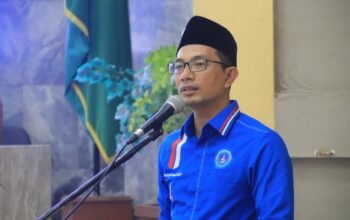 Sayap Partai Demokrat yakni Bintang Muda Indonesia (BMI) siap mendorong duet Prabowo-Gibran di Pemilu 2024.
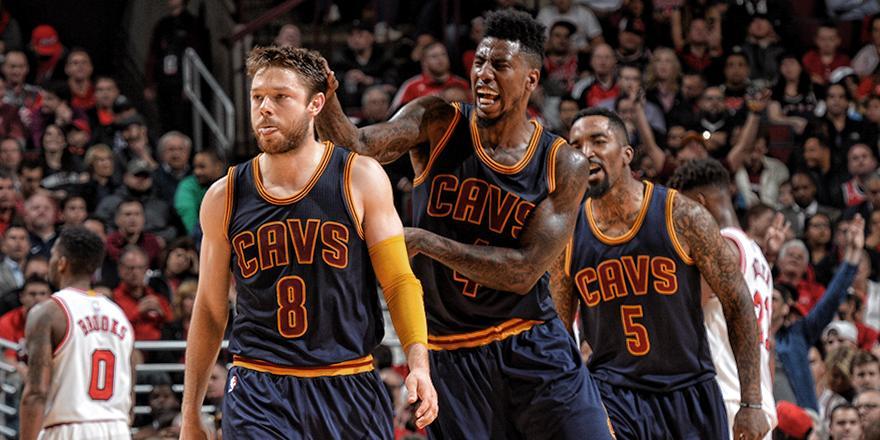 Matthew Dellavedova,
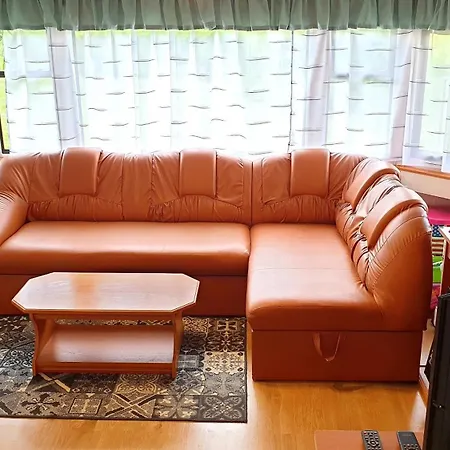 Mazury 別荘 スピホボ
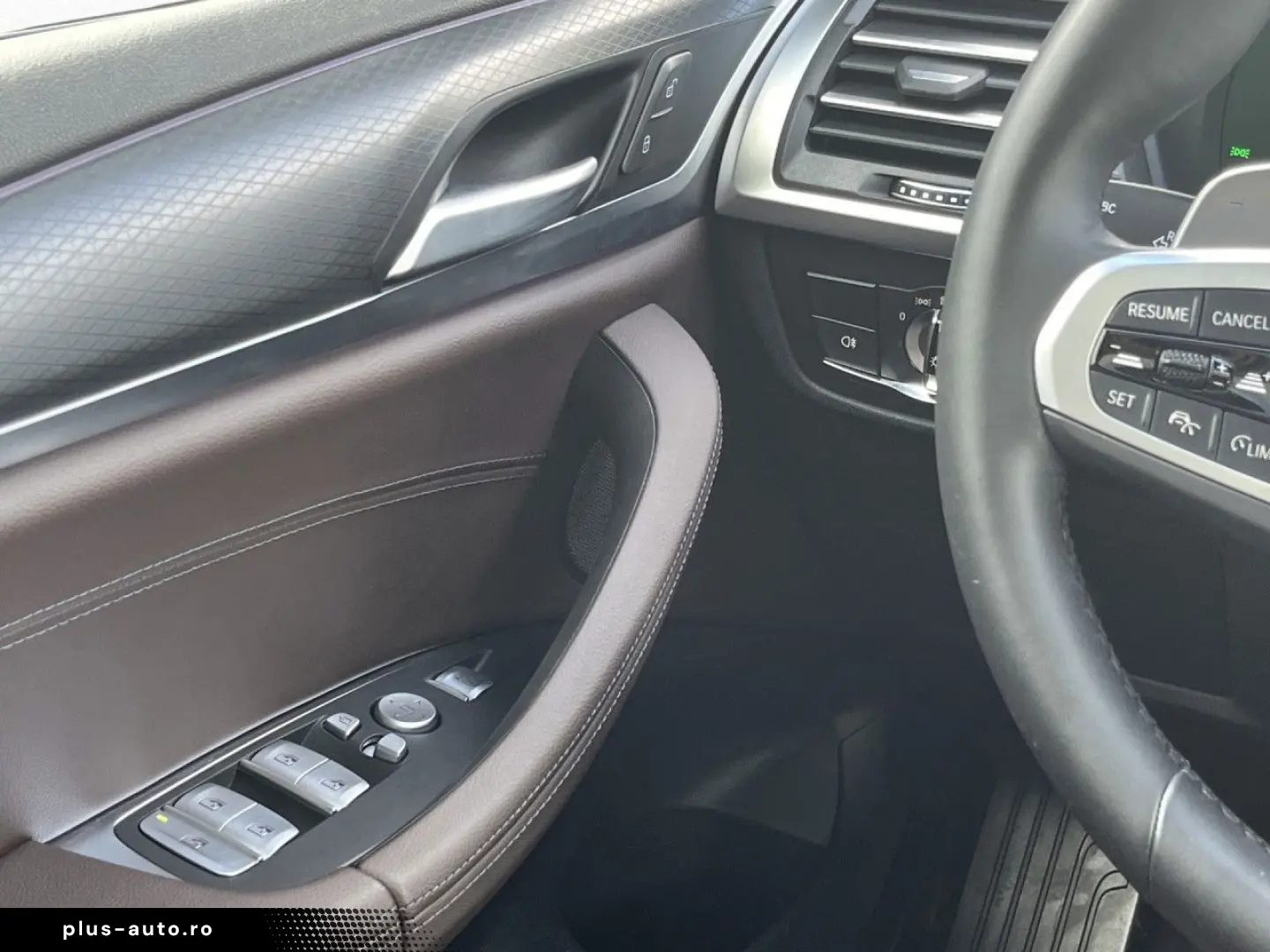 BMW X4 xDr30d M Sport AHK Pano Laser HUD H K ST&GO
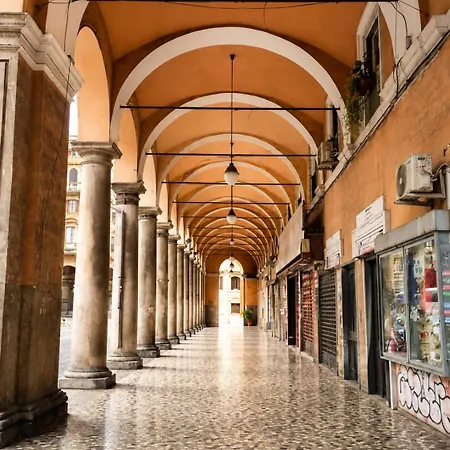 Pensjonat Domus Conte By Local Domus Rzym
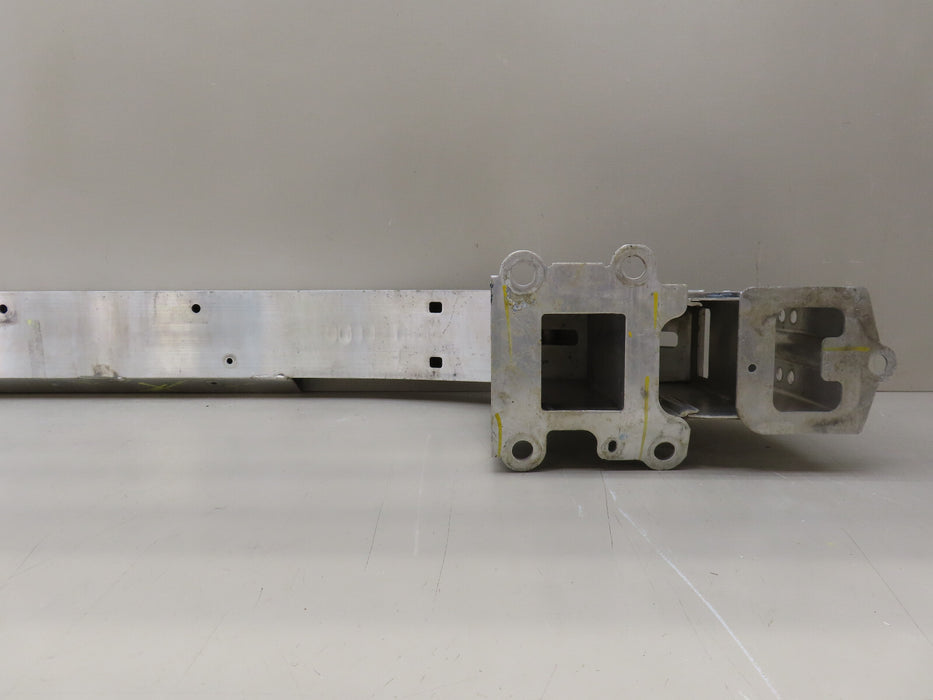 2016-2021 HONDA CIVIC FRONT BUMPER REINFORCEMENT BAR OEM T966888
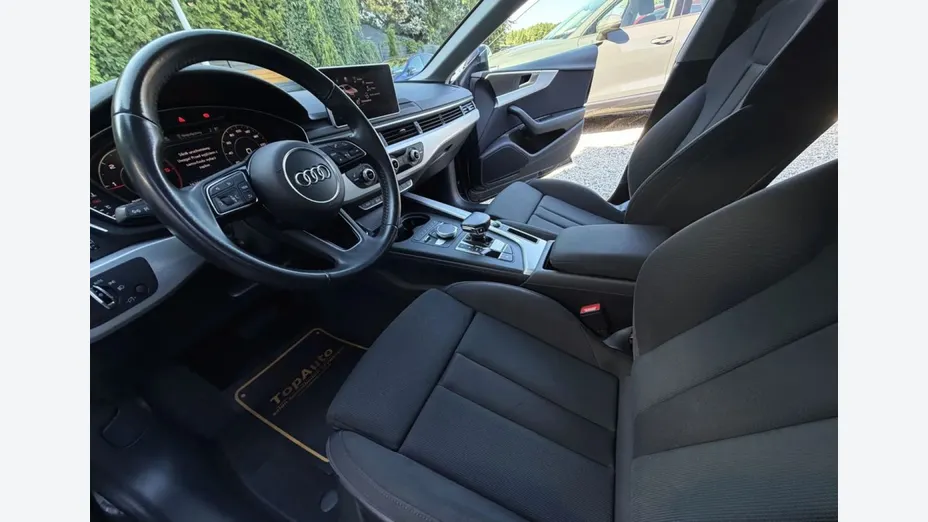 AUDI A5 Sportback -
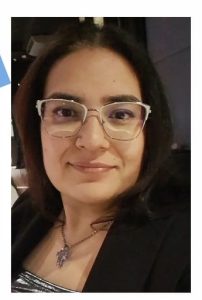Foto de disertante Elisa María Concepción Díaz
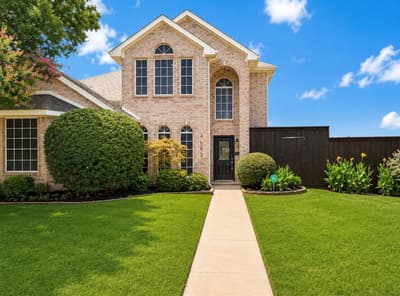 4692 Parnell Lane, Plano TX 75024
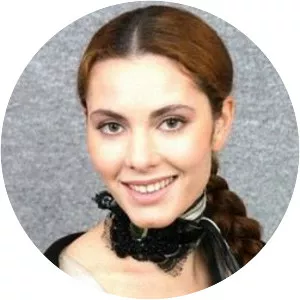 Yanina Lazarivna Sokolovska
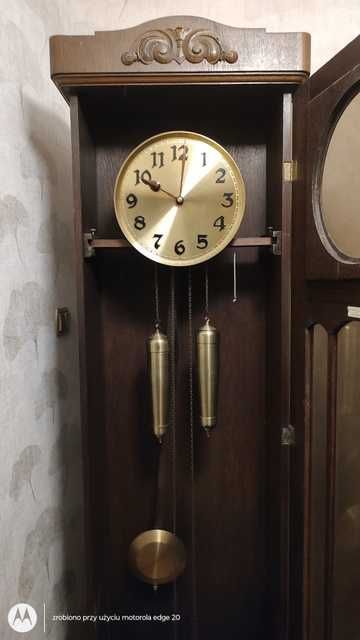 Zegar stojący ALPINA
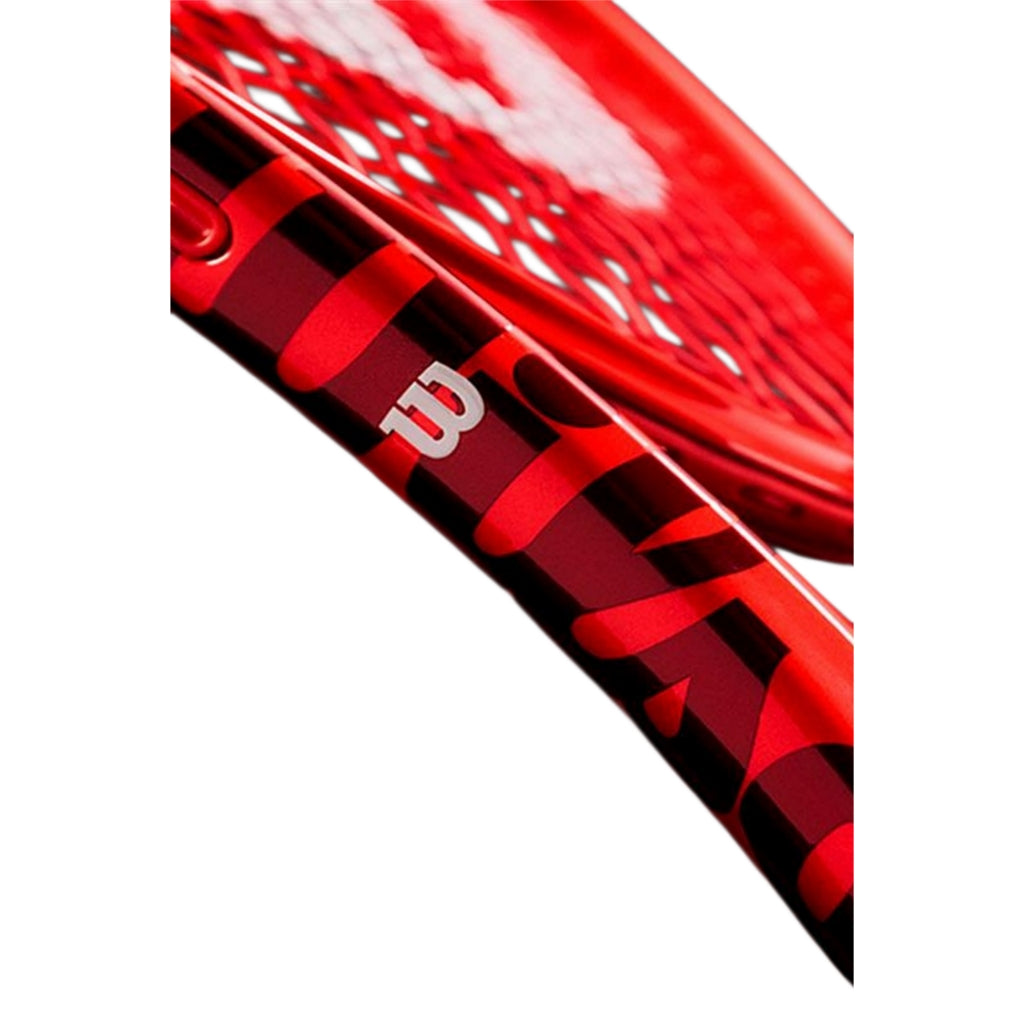 Raqueta Wilson Defyer 100 (300g.) V1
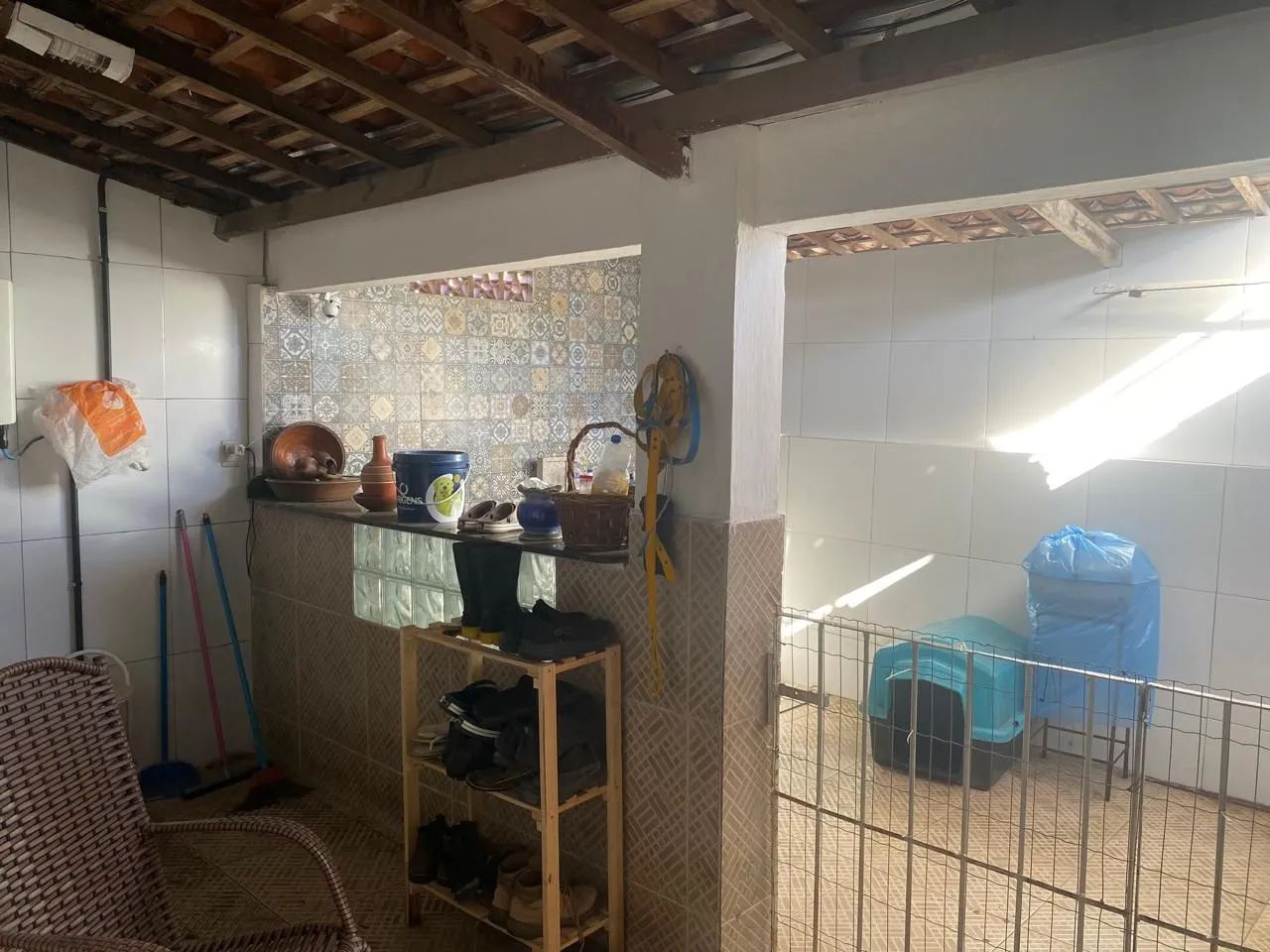 Osman Loureiro, bairro clima bom  - Foto 2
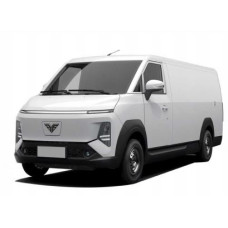 Reach V70 Electric Cargo Van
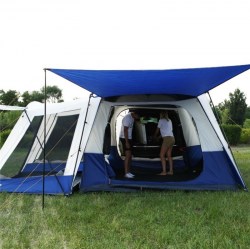 Stan k autu SUV MELFI PLUS King Camp
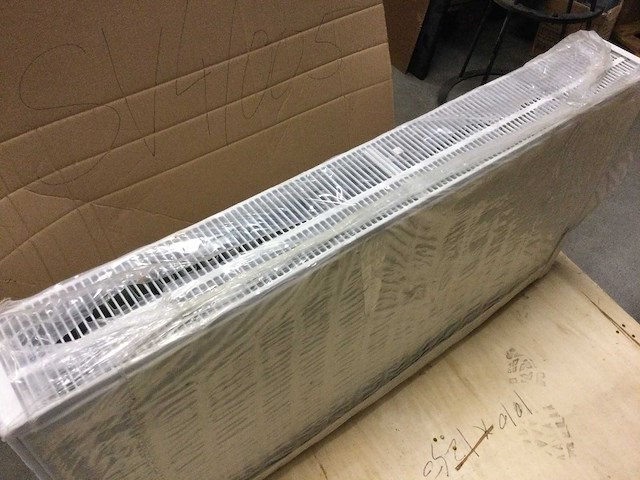 Radiator (2x) - afbeelding 3 van  10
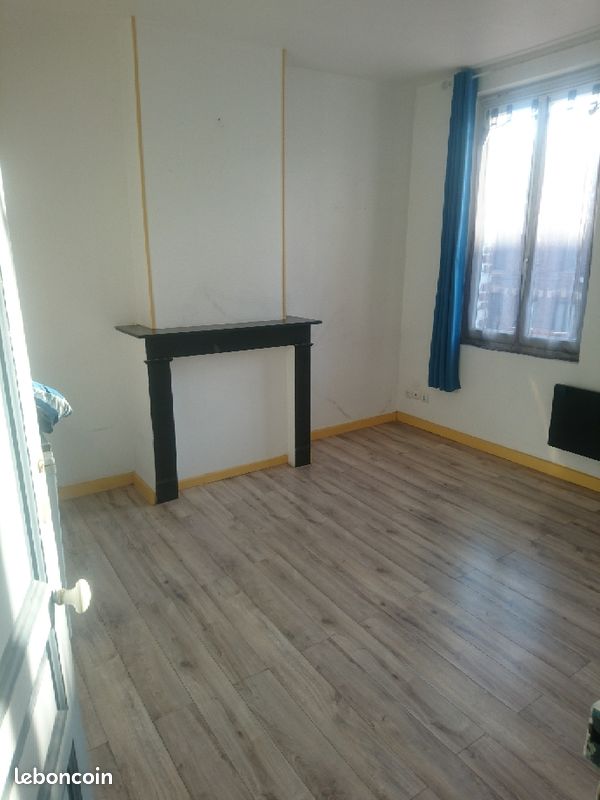 Appartement 1 pièce 25 m² · à Valenciennes · 25 m² · 450 €/mois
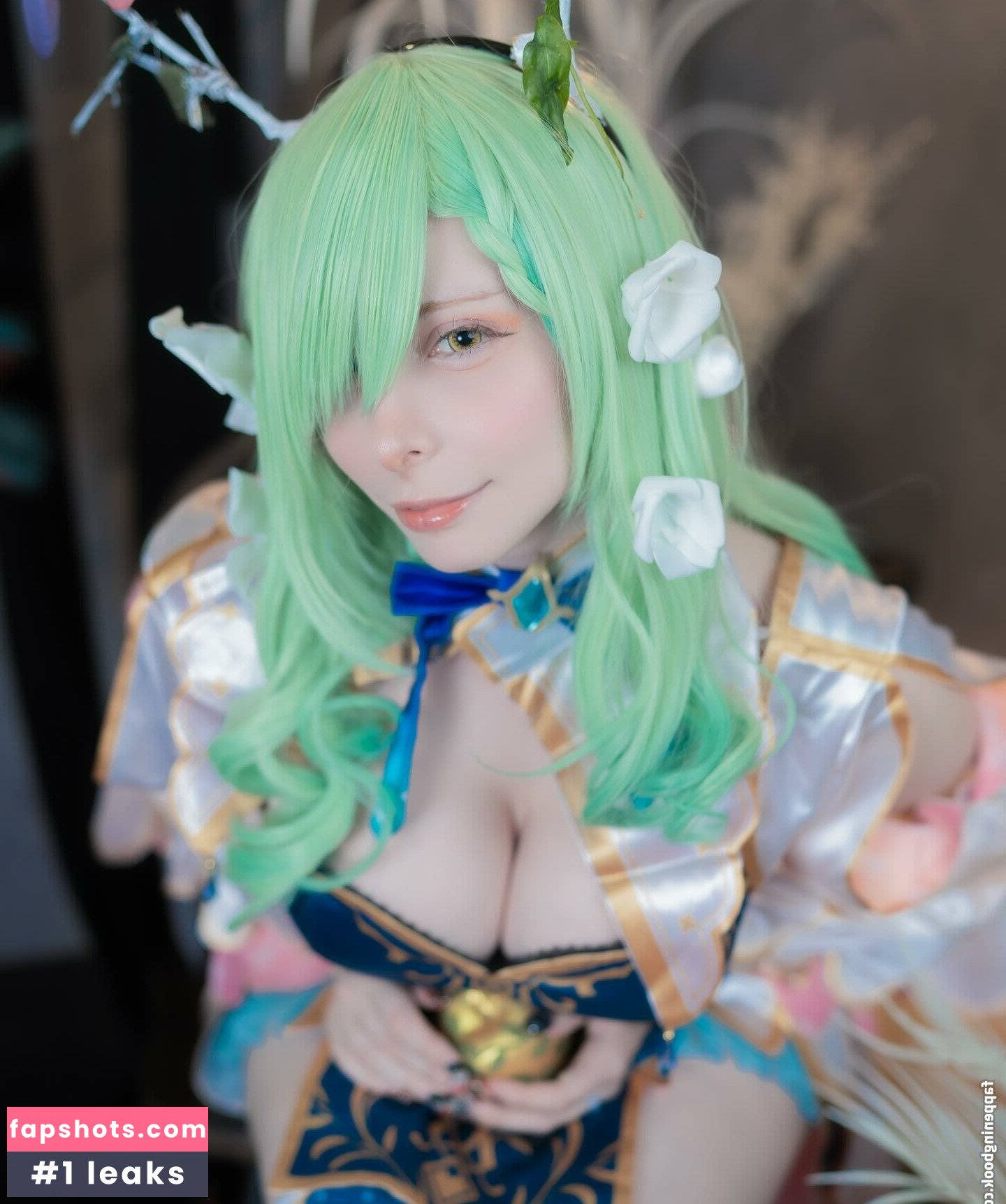 Yuriko Tiger Nude Leaks OnlyFans Photos #37 - LeakJerk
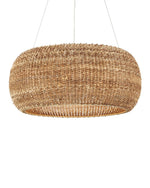 Boucle Chandelier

Aim of the task →
Transcribe the listing above verbatim. No picture belongs in the result.

Task output →
 Sayap Partai Demokrat yakni Bintang Muda Indonesia (BMI) siap mendorong duet Prabowo-Gibran di Pemilu 2024.
 Matthew Dellavedova,
 Mazury 別荘 スピホボ
 BMW X4 xDr30d M Sport AHK Pano Laser HUD H K ST&GO
 Pensjonat Domus Conte By Local Domus Rzym
 2016-2021 HONDA CIVIC FRONT BUMPER REINFORCEMENT BAR OEM T966888
 AUDI A5 Sportback -
Foto de disertante Elisa María Concepción Díaz
 4692 Parnell Lane, Plano TX 75024
 Yanina Lazarivna Sokolovska
 Zegar stojący ALPINA
 Raqueta Wilson Defyer 100 (300g.) V1
 Osman Loureiro, bairro clima bom  - Foto 2
 Reach V70 Electric Cargo Van
 Stan k autu SUV MELFI PLUS King Camp
 Radiator (2x) - afbeelding 3 van  10
 Appartement 1 pièce 25 m² · à Valenciennes · 25 m² · 450 €/mois
 Yuriko Tiger Nude Leaks OnlyFans Photos #37 - LeakJerk
 Boucle Chandelier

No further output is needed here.